Summer 2004 | Vol. 47 No. 2


Wildlife Report Says Environmental Responsibility is Overdue

by Ben Moyer

Pennsylvania, our wooded home astride the Appalachians, between Great Lakes and Atlantic tides, host to great rivers, is changing, more rapidly and fundamentally than ever before. The attributes of this place that we value so much—forested mountains, clean streams, productive farms, and diverse wildlife—can no longer be taken for granted. We are in danger of losing them from this, our place on the Earth, perhaps within this generation.
The nature and extent of this change is revealed in “Pennsylvania’s Wildlife and Wild Places; Our Outdoor Heritage in Peril,” a recent report funded by the Department of Conservation and Natural Resources, the Wild Resource Conservation Fund, the Game Commission, and the Fish and Boat Commission. The report outlines the diverse challenges arrayed against the state’s natural heritage and offers recommendations to reduce their impact on us all. It tracks environmental change from the days of William Penn’s early settlement to the 21st century. While some early abuses, such as denuded forests in the 1800s, have largely healed, the aftermath of today’s threats may prove irreversible.

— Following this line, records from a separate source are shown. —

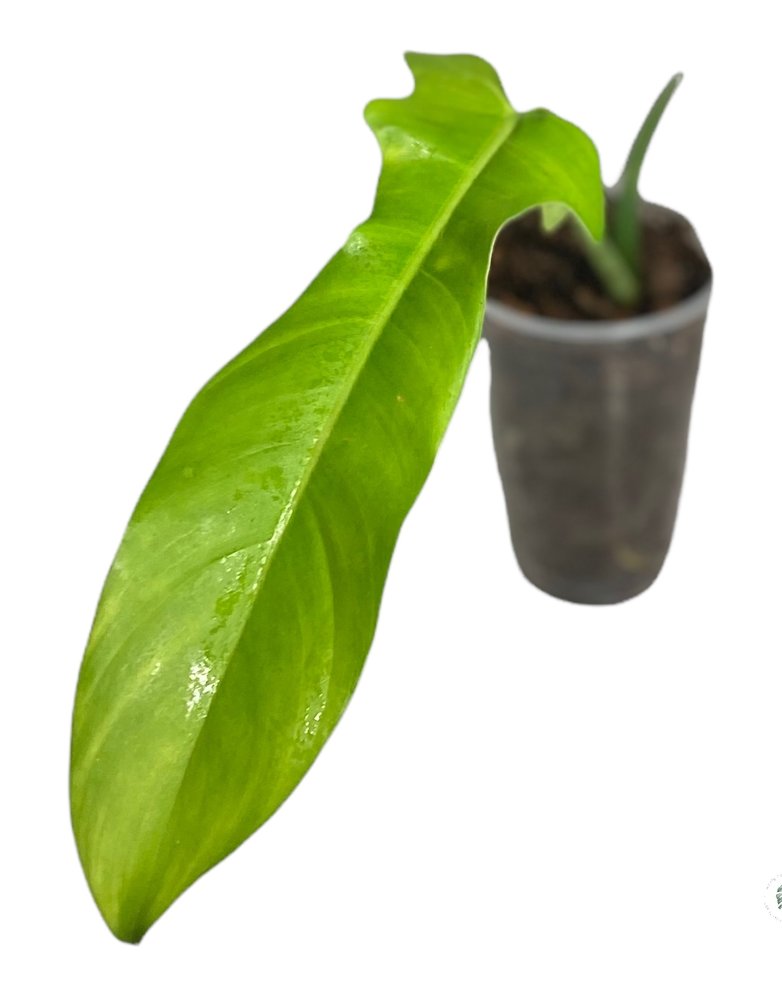 PHILODENDRON 'JERRY HORNE'-10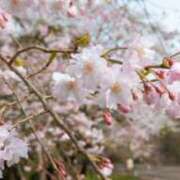 ヒメ日記 2025/04/01 08:40 投稿 れい 人妻美人館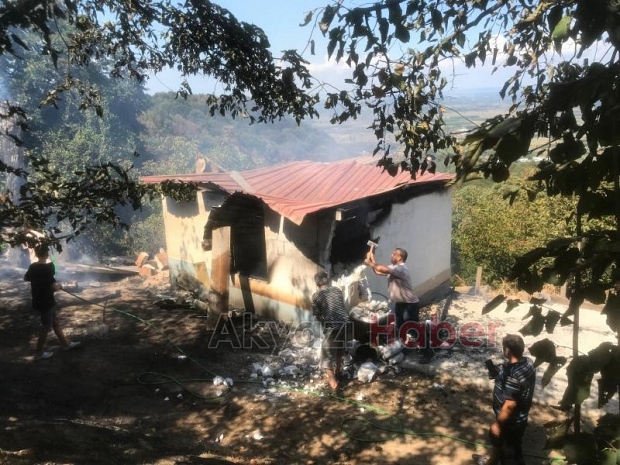 Altındere’de fındıklık içersindeki bağ evi alevlere teslim oldu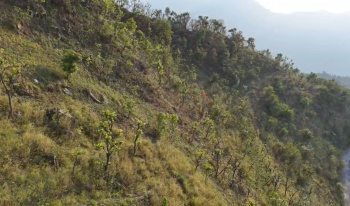 Property for sale in Tehri, Tehri Garhwal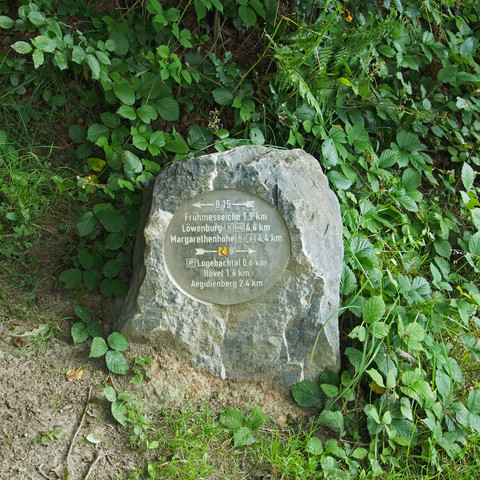 Wegstein-Tour15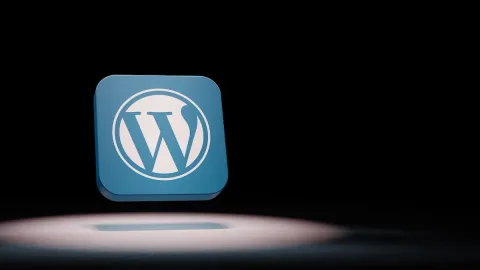 Celah Keamanan Plugin Form WordPress Ancam 300 Ribu Situs: Pengguna Indonesia Perlu Waspada
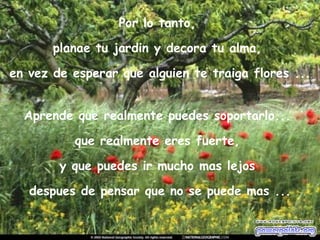 Por lo tanto,  planae tu jardin y decora tu alma,  en vez de esperar que alguien te traiga flores ... Aprende que realmente puedes soportarlo...  que realmente eres fuerte,  y que puedes ir mucho mas lejos  despues de pensar que no se puede mas ... 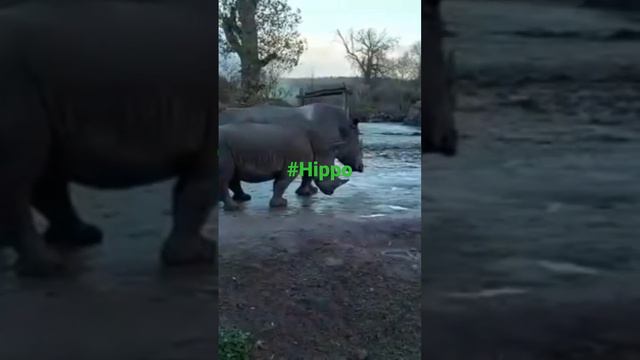 #Hippo# Pairi Daiza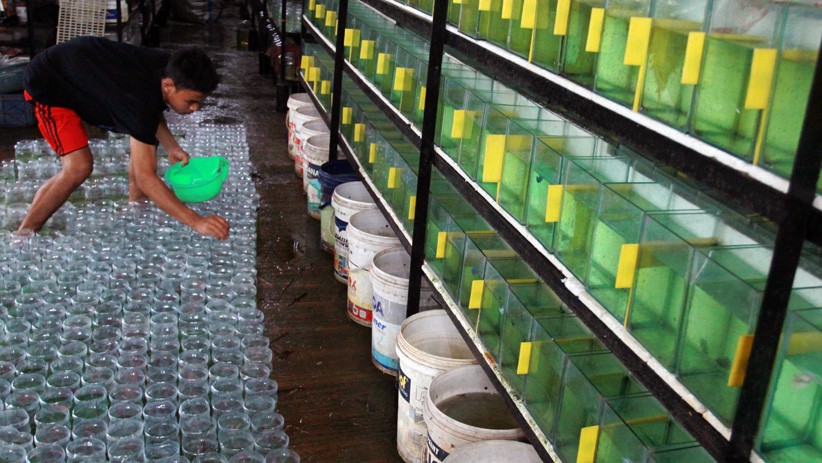 Pusat Budi Daya Ikan Cupang Serpong Mampu Jual 10.000 Ekor dalam Sebulan - Bagian 2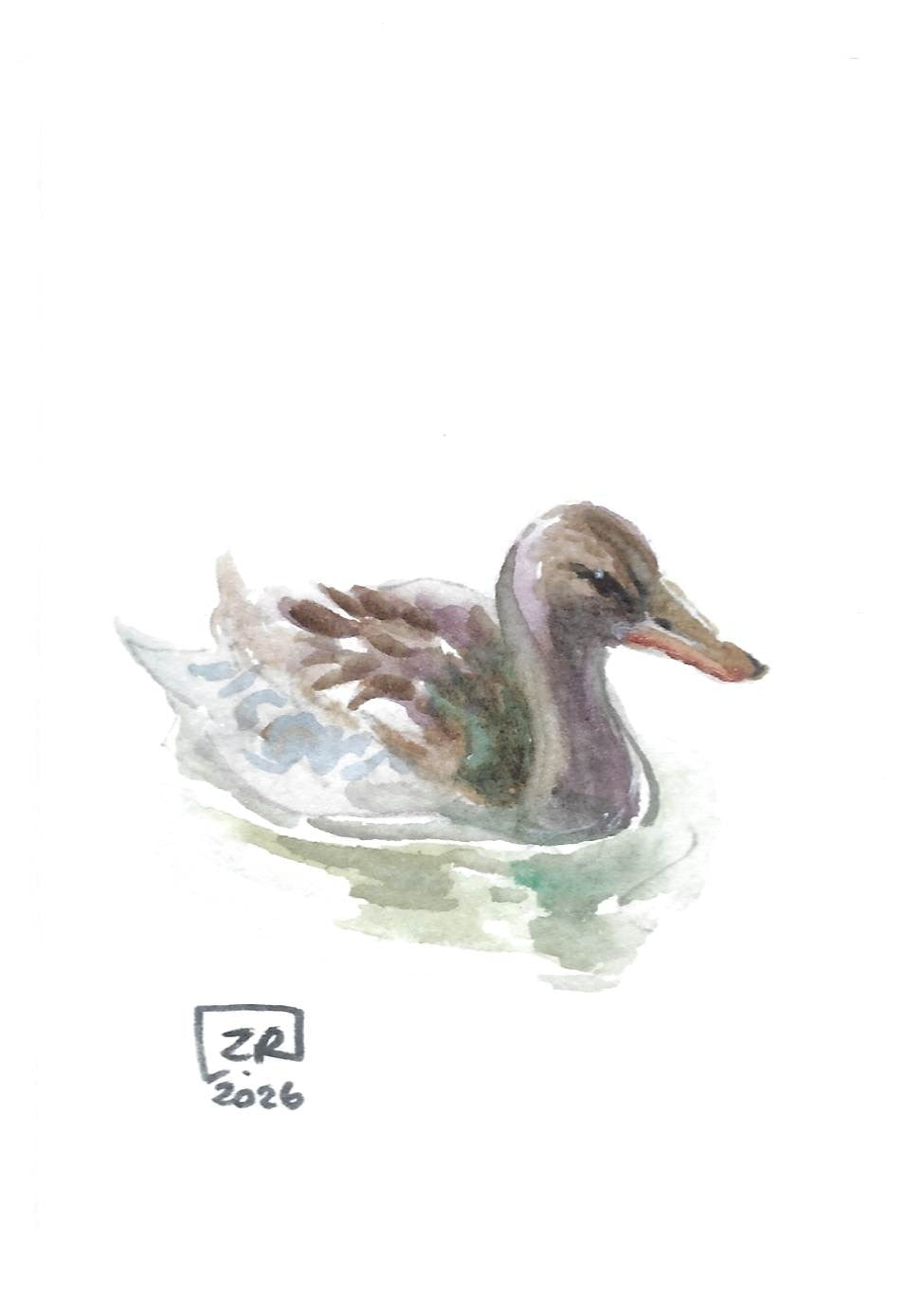 Ptak - Kaczka szara 10 x 15 cm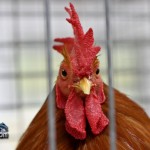 Annual Exhibition Poultry Bermuda April 13 2011-1-36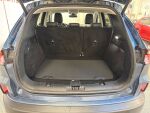 Ford Kuga 2020 Sininen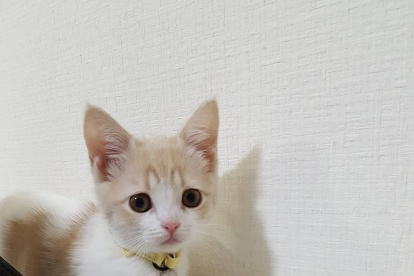 Los gatos son tan impredecibles como tiernos. Conoce más sobre tu mascota favorita.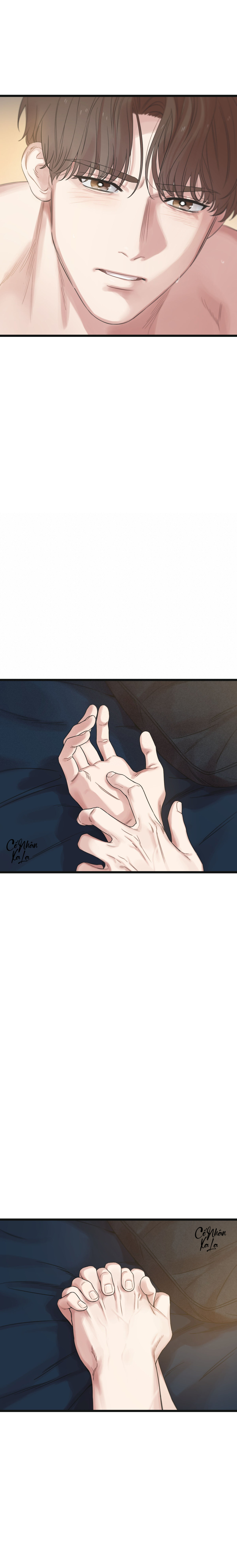 trùng phùng chapter 52 29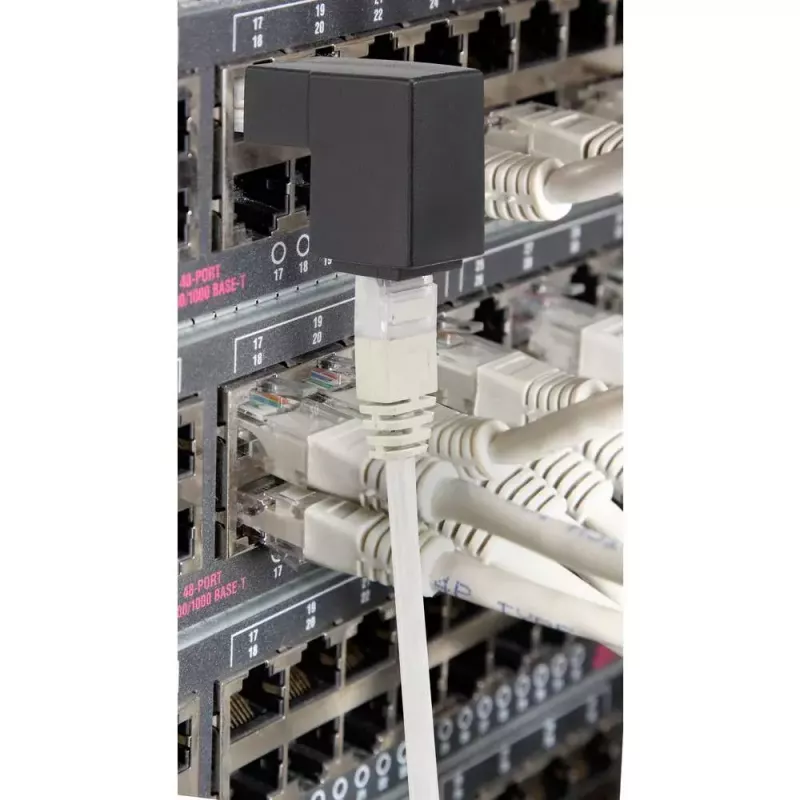 Dzimuma mainītājs Renkforce RF-4087416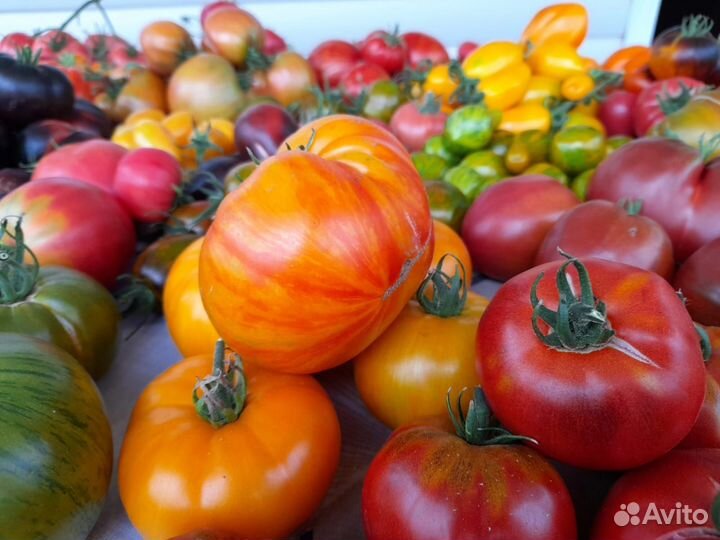 Продаю излишки рассады томатов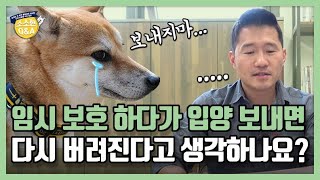 임시 보호 하다가 입양 보내면 다시 버려진다고 생각하나요?｜강형욱의 소소한 Q\u0026A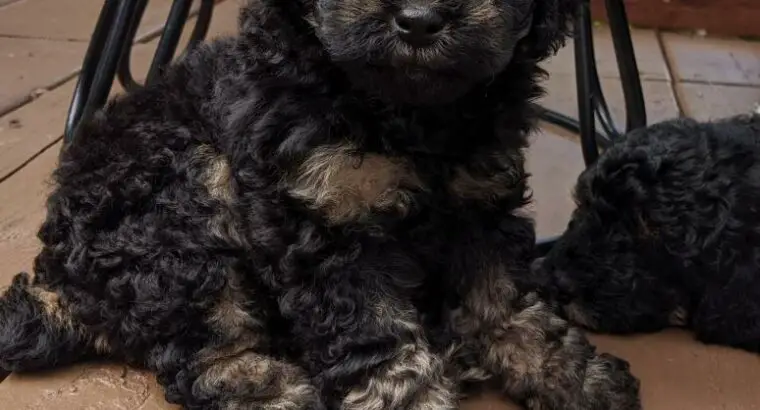 Aston                    Female Miniature Poodle Puppy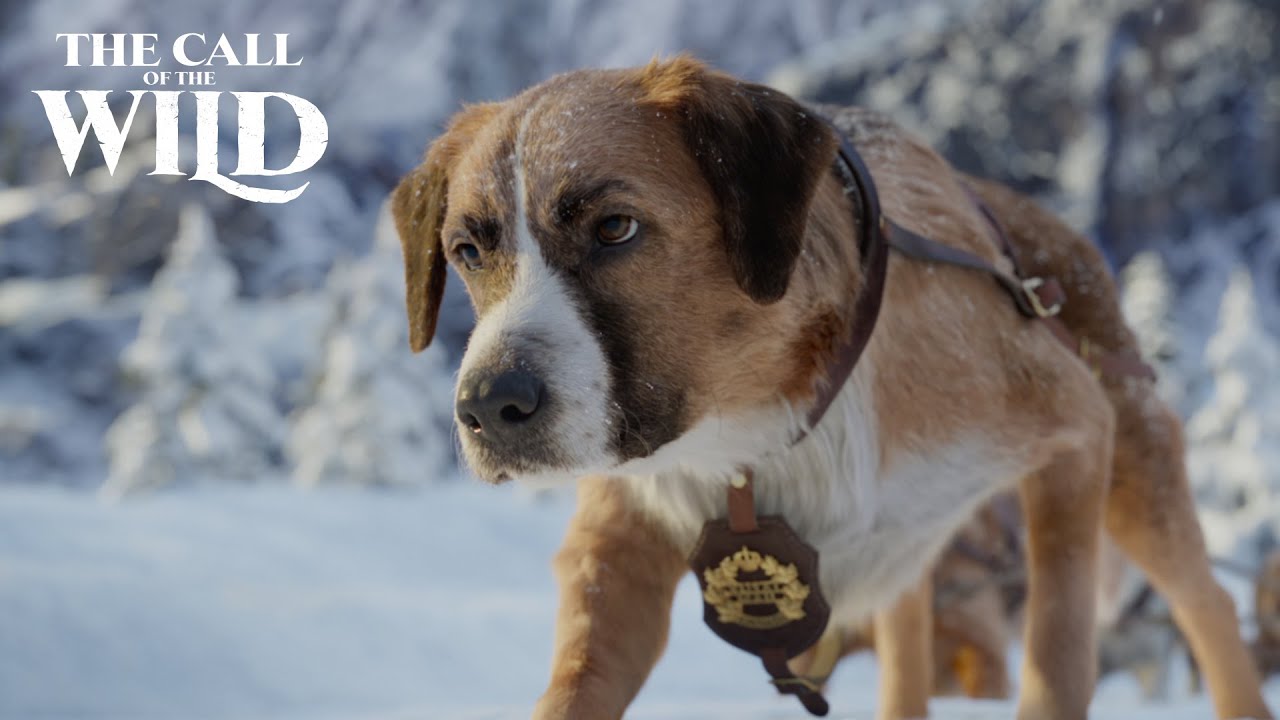  The Call of the Wild | New Lead Dog Clip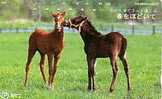 JAPON 2 POULAINS YOUNG HORSES SUPERBE - Horses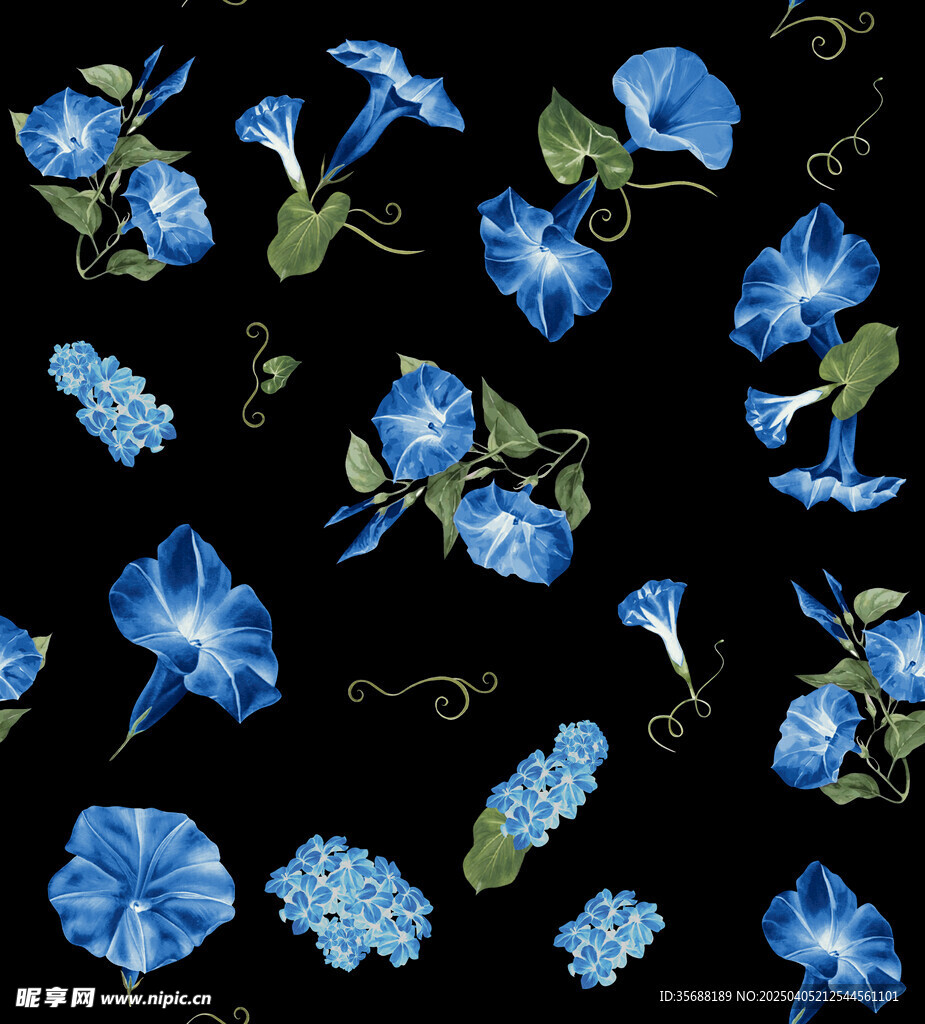 牵牛花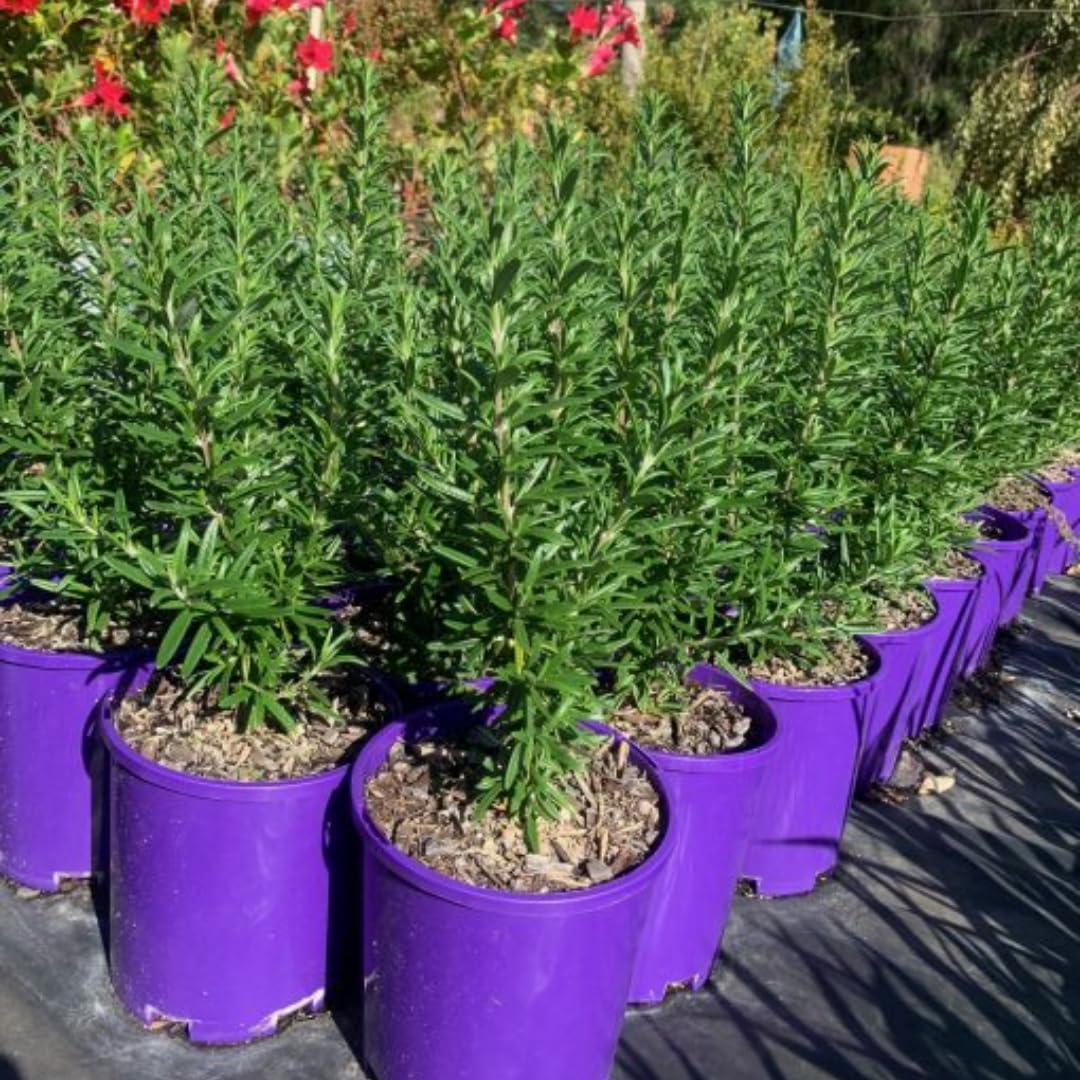 3 Upright Rosemary Plants Live for Indoor Outdoor Planting, Cold Hardy, 4-6" in Tall, Culinary and Ornamental, Fast-Growing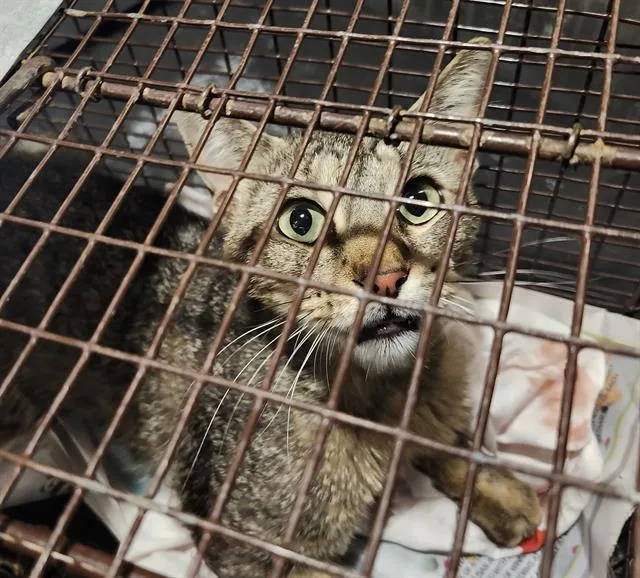 A young medium-sized male Domestic Short Hair cat named Scraggles for adoption in San Antonio, TX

According to the report, Pennsylvania is losing 350 acres of forests, farms, wetlands, and other open space to sprawl development every day. In one year, 120,000 acres of the state’s woodlands and fields—about the size of Delaware County—are consumed by sprawl, and rampant development spreads across enough life-supporting terrain to smother Beaver County every three years.

The impacts of sprawl go beyond the aesthetic. It consumes landscapes that protect water quality, prevent floods, support rural economies, provide habitat for wildlife, and host hunting, fishing, and eco-tourism visits that spur $6 billion in annual economic activity.

Sprawl is particularly severe in the state’s agricultural zones. Urbanized land areas swelled by 81 percent in southeastern Pennsylvania between 1987 and 1997 and counties such as Berks, Lancaster, and York, graced with some of the most fertile farmland on earth, are losing open land at the most rapid rates. Recently, however, sprawl has accelerated in western Pennsylvania, and appeared in parts of the region formerly considered outside its path. Pointing out the state’s wasteful trends in land use, the document reports that during the 1990s: “Pennsylvania ranked 48th in population growth, yet only four other states lost more open land to development.”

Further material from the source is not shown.